-- DIRECTIONS --
From the listing below, please restate exactly the lines beginning at the one with "Manhattan Tutti Fruity Flavoured Pops 210g" and ending at the one with "White Tank Top", both included, and skip the pictures.

-- RECORD SET --

*** Block opens ***

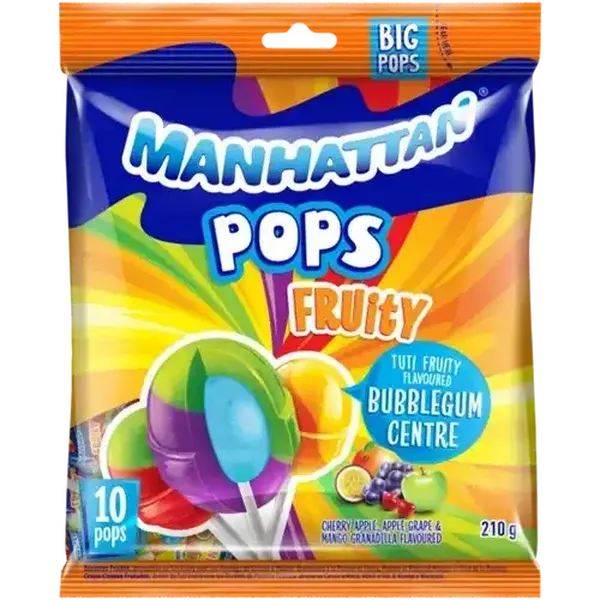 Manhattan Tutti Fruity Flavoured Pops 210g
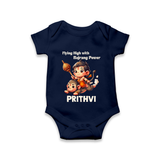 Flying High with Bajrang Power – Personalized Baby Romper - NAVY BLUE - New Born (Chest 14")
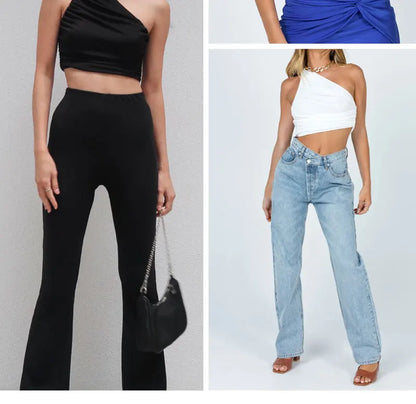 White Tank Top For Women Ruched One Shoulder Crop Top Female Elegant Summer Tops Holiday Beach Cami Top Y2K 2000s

*** Block closes ***
*** Block opens ***

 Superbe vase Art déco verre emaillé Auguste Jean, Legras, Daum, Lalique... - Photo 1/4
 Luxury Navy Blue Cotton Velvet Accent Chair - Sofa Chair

*** Block closes ***
*** Block opens ***

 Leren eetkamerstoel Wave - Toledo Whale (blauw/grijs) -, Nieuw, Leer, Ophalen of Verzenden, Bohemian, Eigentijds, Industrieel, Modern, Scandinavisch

*** Block closes ***

-- RESULT OF THIS TASK --
 Manhattan Tutti Fruity Flavoured Pops 210g
 Flying High with Bajrang Power – Personalized Baby Romper - NAVY BLUE - New Born (Chest 14")
 White Tank Top For Women Ruched One Shoulder Crop Top Female Elegant Summer Tops Holiday Beach Cami Top Y2K 2000s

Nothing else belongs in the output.